景龍中,累遷給事中。時左散騎常侍嚴善思坐譙王重福事下制獄,有司言:"善思昔嘗任汝州刺史,素與重福交遊,召至京師,竟不言其謀逆,唯奏雲'東都有兵氣'。據狀正當匿反,請從絞刑。"思復駁奏曰:"議獄緩死,列聖明規;刑疑從輕,有國常典。嚴善思往在先朝,屬韋氏擅內,恃寵宮掖,謀危宗社。善思此時遂能先覺,因詣相府有所發明,進論聖躬必登宸極。雖交遊重福,蓋謀陷韋氏。及其謁見,猶不奏聞,將此行藏,即從極法。
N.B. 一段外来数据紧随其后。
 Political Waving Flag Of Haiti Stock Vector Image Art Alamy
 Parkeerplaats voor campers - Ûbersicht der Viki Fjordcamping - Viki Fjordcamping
且敕追善思,書至便發,向懷逆節,寧即奔命?壹面疏網,誠合順生;三驅取禽,來而可宥。惟刑是恤,事合昭詳。請付刑部集群官議定奏裁,以符慎獄。"是時議者多雲善思合從原宥,有司仍執前議請誅之。思復又駁曰:"臣聞刑人於市,爵人於朝,必僉謀攸同,始行之無惑。謹按諸司所議,嚴善思十才壹入,抵罪惟輕。夫帝閽九重,塗遠千裏。故借天下之耳以聽,聽無不聰;借天下之目以視,視無不接。今群言上聞,采擇宜審,若棄多就少,臣實懼焉。輿誦壹乖,下情不達,雖欲從眾,其可及乎!凡百京司,逢時之泰,列官分職,有賢有親。親則列藩諸王,陛下愛子;賢則胙茅開國,陛下名臣。見無禮於君,寧肯雷同不異?今措詞多出,法令從輕。"上納其奏,竟免善思死,配流靜州。思復尋轉中書舍人,數上疏陳得失,多見納用。